Waitresses in prostitution racket
A restaurant owner in Bahrain has dismissed as lies claims by three Indian waitresses that they were forced into prostitution at their place of work.
A restaurant owner in Bahrain has dismissed as lies claims by three Indian waitresses that they were forced into prostitution at their place of work.
According to reports, Mohammad Hassan, owner of the Sydney Restaurant in Bahrain's capital Manama, said in a press conference that the women made the allegations at the instigation of customers.
The three - Sai Chandrababu, 24, Biji Chacko, 25, and Jalaja Nair, 35 - had alleged they were forced into prostitution by the restaurant manager and a woman supervisor, both Indians, in order to make the customers spend more.
"The women started building personal relationships with our male customers, which, if we did not put a stop to, would ruin our business," a report in the Gulf Daily News newspaper quoted Sunil Kumar, the Indian manager of the restaurant who was also present in the press conference, as saying.
"We know for sure that it is our customers who provoked them to protest, so that they could take them out and also they were annoyed at me for not letting them do so," he said.
The trio reportedly fled Bahrain on Tuesday night without informing the Indian embassy or the law firm that had taken up their case.
They had also alleged that they were kept confined in their apartment in Manama between their work shifts. All their salary was deducted to meet accommodation charges, compelling them to survive on tips.

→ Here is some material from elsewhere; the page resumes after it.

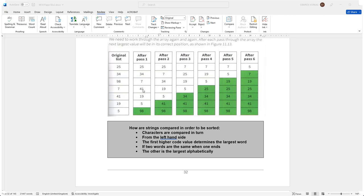Then it will compare 34 with 41, no change needs to be made. Then it will compare 41 with 19 and they will need to swap. And then it will compare 41 with 5 and again they will need to swap, giving us an end result of what we see here in pass 2.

They had alleged that they were forced into doing sexual acts and drinking with male customers to increase the take from each table.
One of the women eventually contacted the Indian embassy in Manama. All three were rescued last Sunday, following which they filed a criminal complaint with the police.
Hassan dismissed as baseless the women's allegation that all their salaries were deducted to meet accommodation charges.
"This was being done because they had taken a loan of Bahraini dinars (BD) 700 from us. The women were earning as much as BD300 in tips," a report in the Bahrain Tribune newspaper quoted him as saying.
On the women's allegation that they had been locked up, Hassan said, "We did this for their safety. A supervisor went with them whenever they went. In fact one woman who had worked here earlier returned. If we had been involved in prostitution, would she come back?"
"We were doing this to prevent the women going out with our customers, because if they were caught somewhere in a compromising or morally unacceptable situation, the authorities would come searching for me first, as I am responsible for them," Kumar added.
According to the Bahrain Tribune report, the Bahraini sponsor is now contemplating filing a case against the women on the grounds of violation of contract and suffering losses.
Earlier, Indian ambassador to Bahrain Balkrishna Shetty was quoted as saying that he would write to the chief secretary of Kerala, from where the women hailed, to check with the families under what circumstances they withdrew the case and left the country.